Note that any real number $r$ is also a complex number $r+0i$, and so is any imaginary number $ri=0+ri$.
A common way to visualize complex numbers is to think of them as points in the 2D plane so that $a + bi$, with $a,b \in \mathbb{R}$, corresponds with the point $(a,b)$.
This is also a common way to define complex numbers; they are just pairs of two real numbers $(a,b)$, also written as $a + bi$. There is an exception though: in the case $b=0$, the complex number $a + 0i$ and the real number $a$ are the same, even though a real number $a$ can't be equal to a pair of real numbers $(a,b)$.
In this context, the $x$ axis is called the real axis because it contains all the real numbers, and similarly, the $y$ axis is called the imaginary axis.
A 2D vector is also a pair of real numbers, so we can also think of complex numbers as vectors, so that $a + bi$ corresponds with $a\I + b\J$. Note that $i$ as a complex number means "up", but $\I$ as a vector means "right".
Borrowing operations from vectors¶
We can add and subtract any 2D vectors $a\I+b\J$ and $x\I+y\J$ with these rules: $$ \begin{align} (a\I + b\J) + (x\I + y\J) &= (a+x)\I + (b+y)\J \\ (a\I + b\J) - (x\I + y\J) &= (a-x)\I + (b-y)\J \end{align} $$ Multiplying a real number $c$ and a 2D vector works like this: $$ c(a\I+b\J) = (ca)\I + (cb)\J $$ Let's use these operations the same way with complex numbers so that the complex number $a + bi$ corresponds with the vector $a\I + b\J$.
Let $a+bi$ and $x+yi$ be complex numbers, and let $c$ be a real number.

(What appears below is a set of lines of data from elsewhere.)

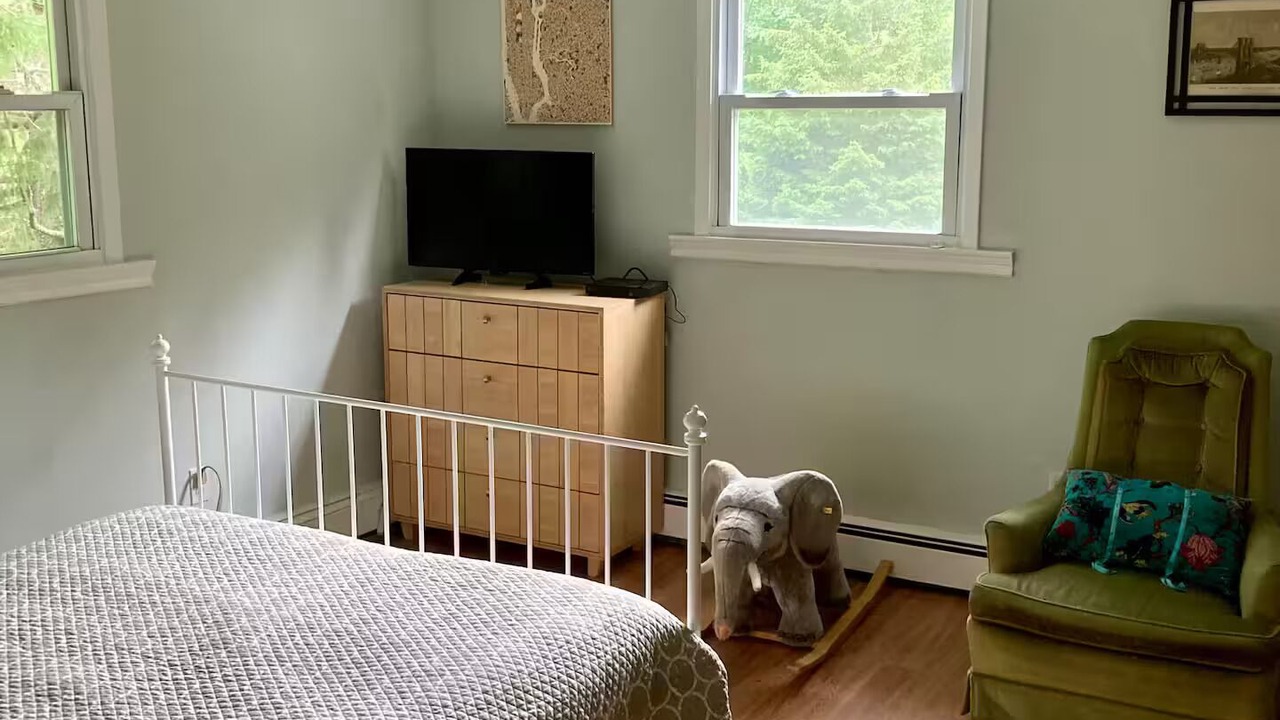 Photo of Bedroom in Lanesville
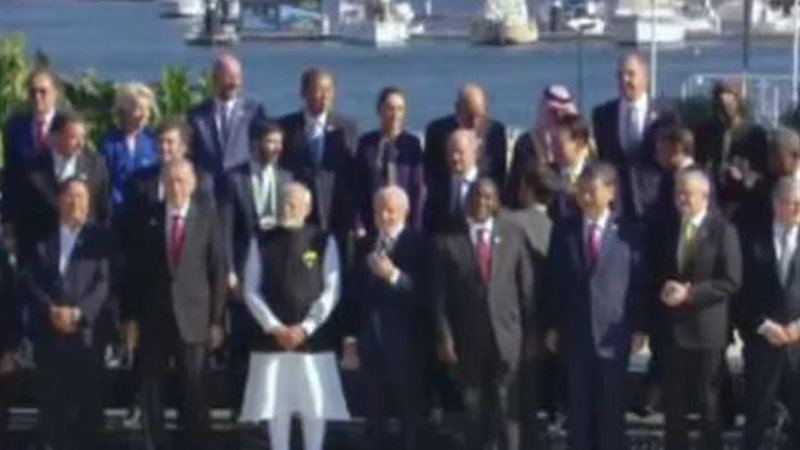 صورة تذكارية للقادة والزعماء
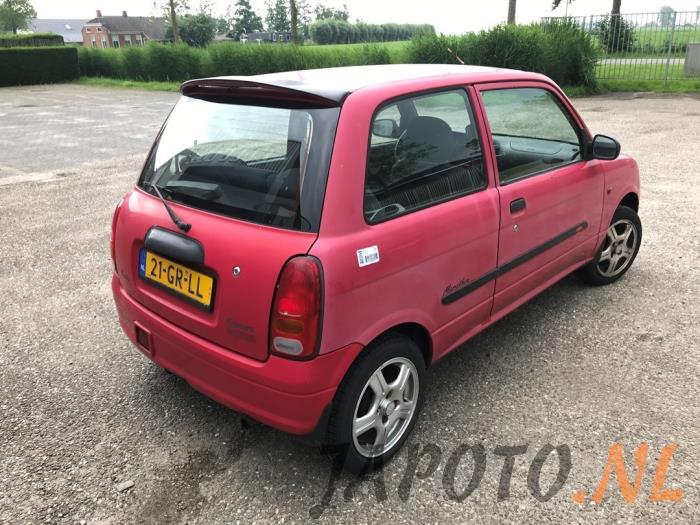 Daihatsu Cuore 1.0 12V Skrotfordon (2001, ROOD)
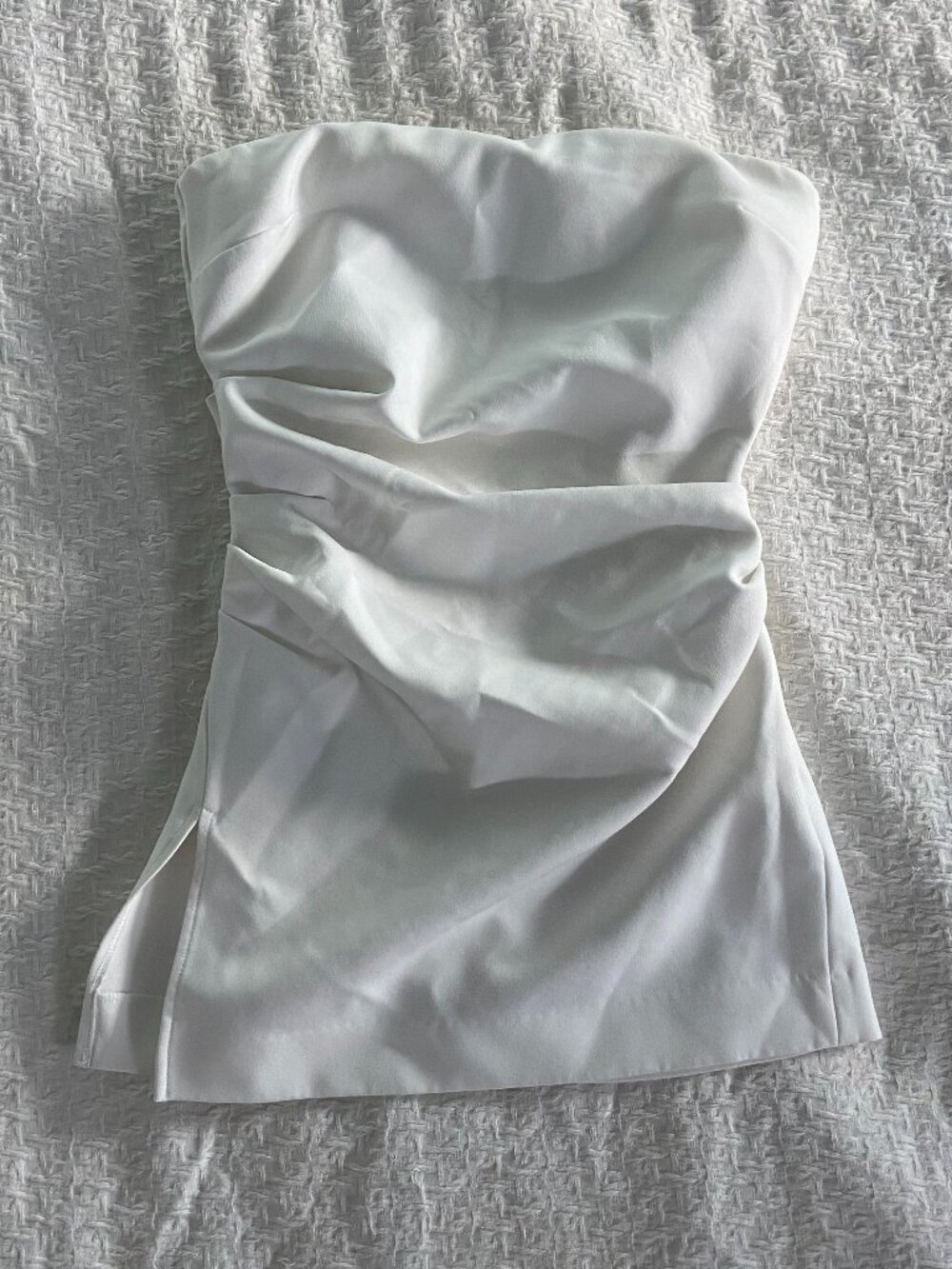 Chic White Asymmetrical Strapless Top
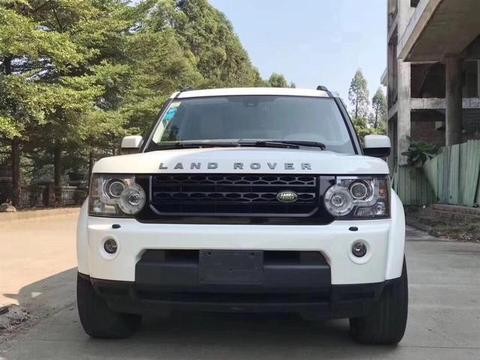 这款路虎发现四售价19万，底盘升降，优点：空间大坐姿高通过性好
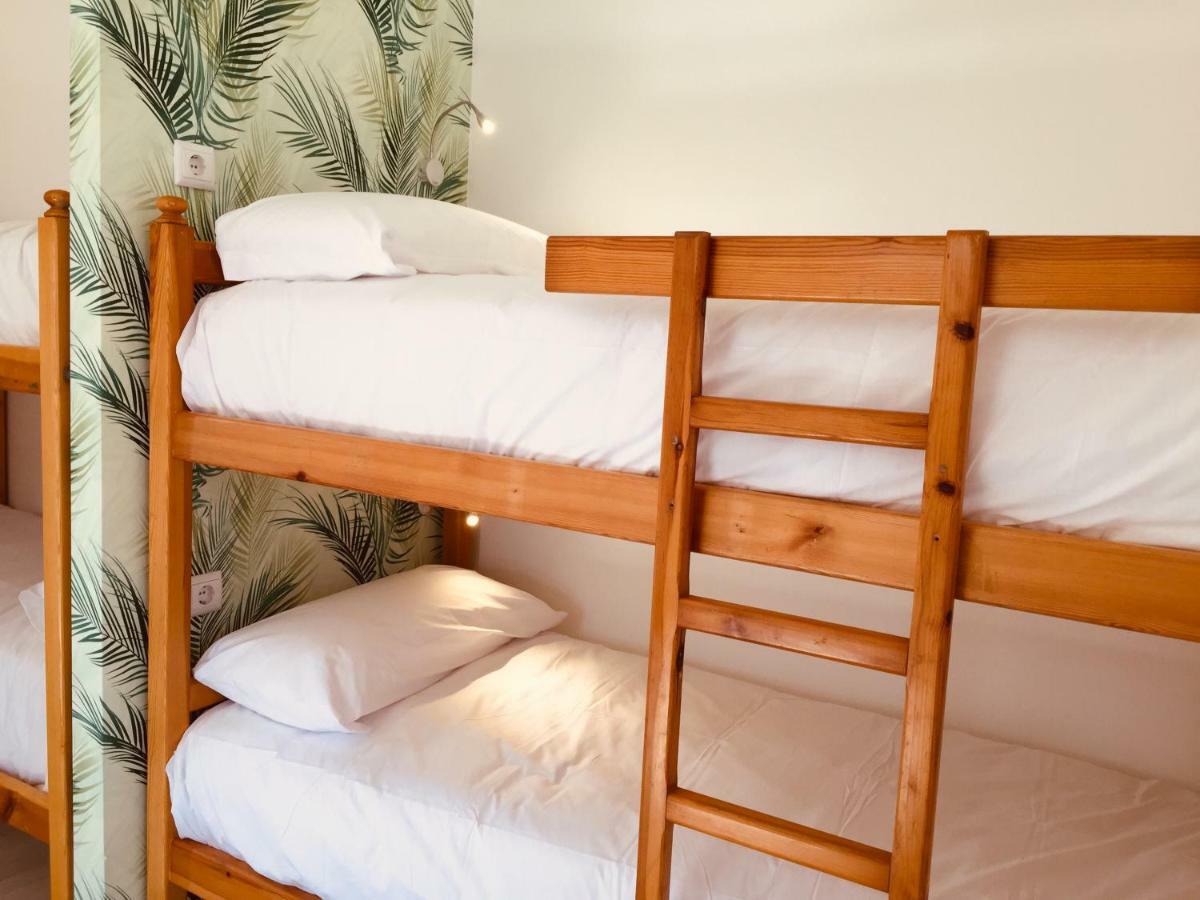 Oasis Backpackers Hostel Sintra Surf Коларес Екстериор снимка
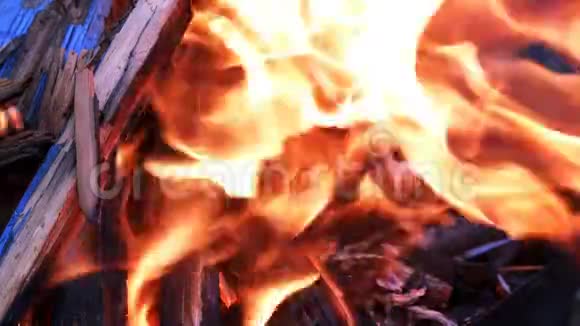 木火烧为烧烤准备视频的预览图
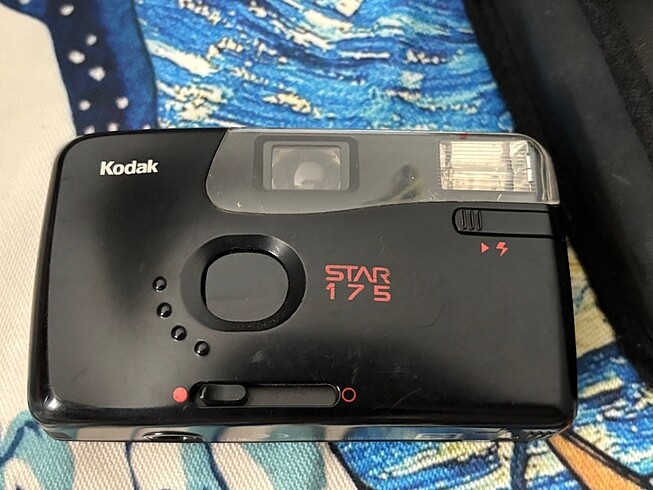 Analog fotoğraf makinesi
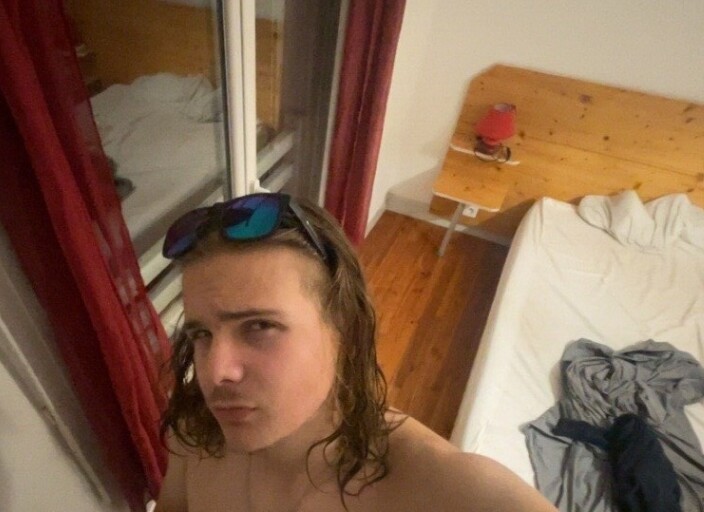 mhUser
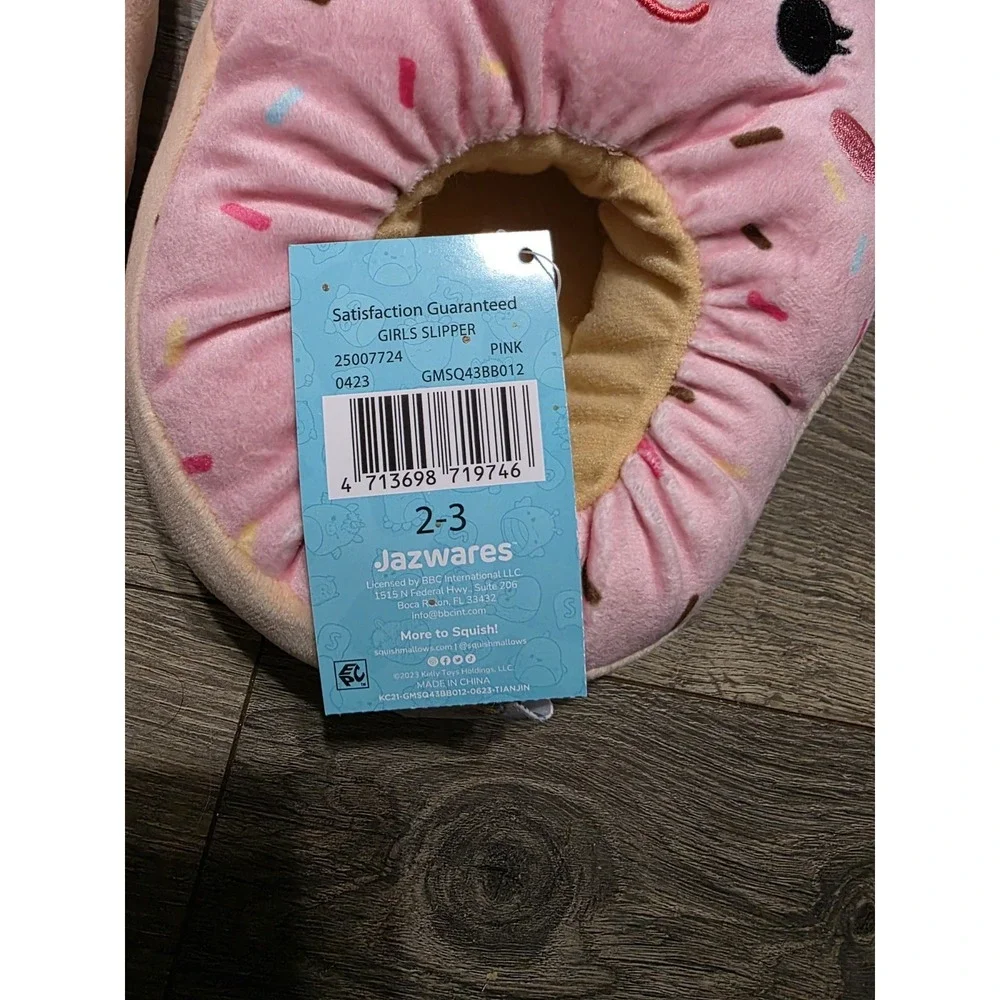 New - Squishmallows - Dabria The Doughnut Child Slippers - Size 2/3
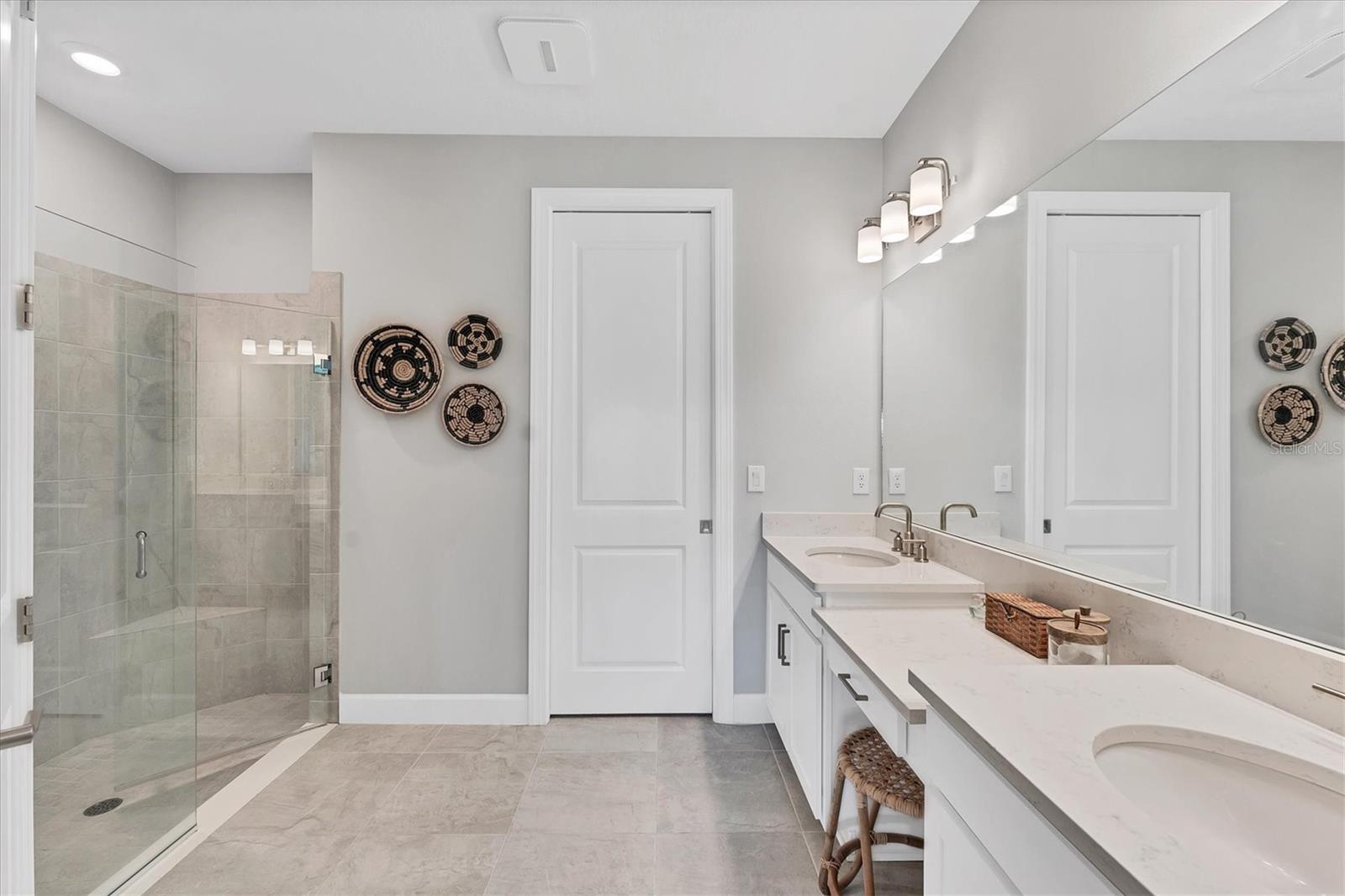 AZARIO ESPLANADE PH III SUBPH D - Residential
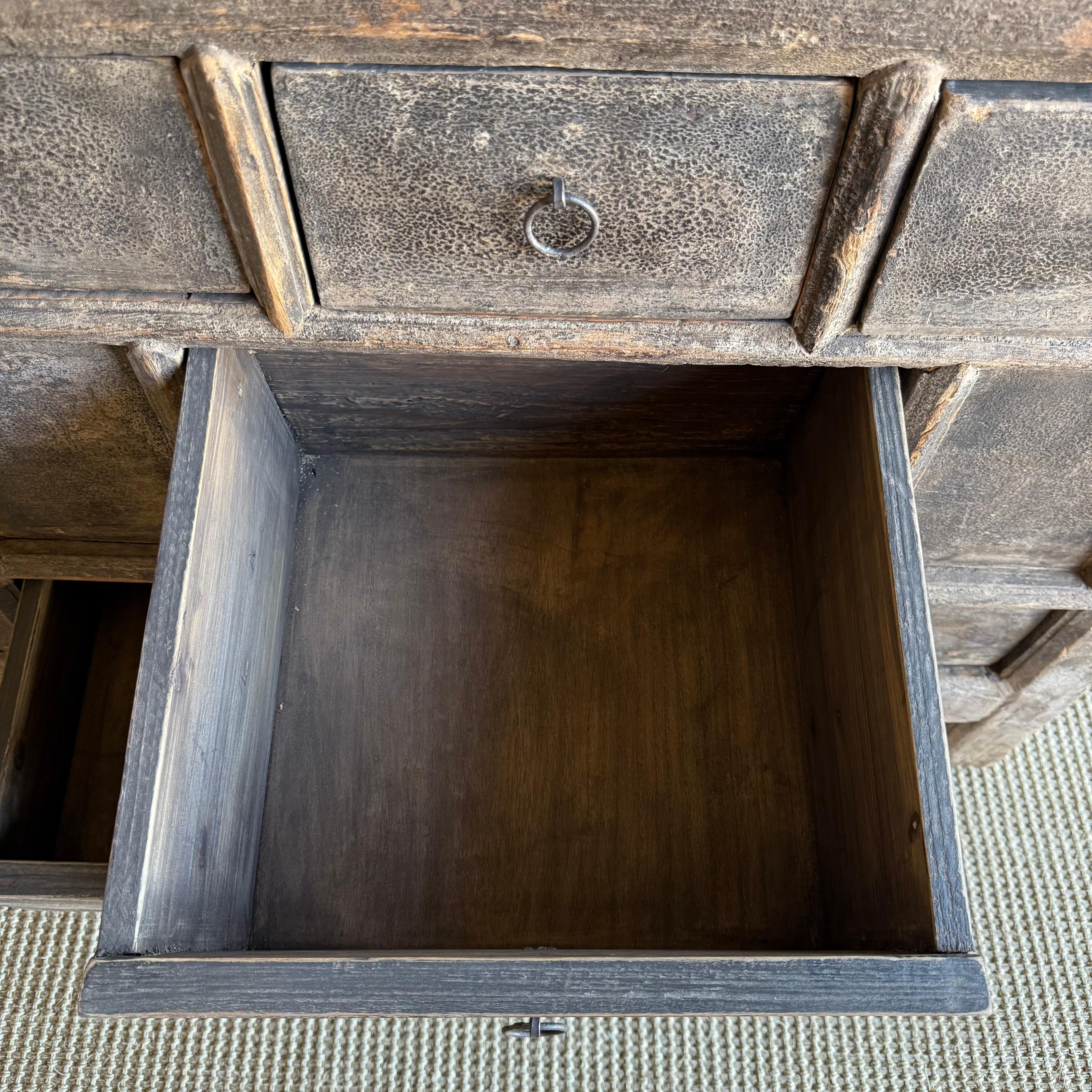 Mobile in legno di olmo verniciato d'epoca con cassetti da 71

Addition and subtraction of complex numbers is defined like this: $$ \begin{align} (a + bi) + (x + yi) &= (a+x) + (b+y)i \\ (a + bi) - (x + yi) &= (a-x) + (b-y)i \end{align} $$ Multiplying a real number and a complex number is defined like this: $$ c(a+bi) = (ca)+(cb)i $$
With these definitions, writing $a+bi$ to denote a complex number actually makes sense; $bi$ is a multiplication of a real number and a complex number, and $a+bi$ adds the complex numbers $a=a+0i$ and $bi=0+bi$.
Also note that the operations defined above are compatible with the corresponding real number operations; if $a$ and $b$ are real numbers, then the above operations with $a+0i$ and $b+0i$ give the same results as the usual real number operations:
- The complex number addition $(a + 0i)+(b + 0i)$ gives $(a+b) + 0i$, which is just the real number addition $a+b$.
- We similarly get $(a + 0i)-(b + 0i)=(a-b)+0i$.
- For multiplication, we calculate $$ a(b+0i) = (ab) + (a \cdot 0)i = ab + 0i. $$ Here $a(b+0i)$ is a multiplication of a real number and a complex number, and all other multiplications are real number multiplications.
Just like with real numbers and vectors, $-w$ means $0-w$ when $w$ is a complex number, so $$ -(a+bi) = (-a) + (-b)i $$ as expected.
Because these operations are actually just the usual vector operations, they satisfy familiar rules, such as $(z+v)-w = z+(v-w)$, and they look just like the vector operations:
Note that we have not defined yet what multiplying two complex numbers does, so writing $i^2 = -1$ doesn't actually make sense yet. We'll come back to this later.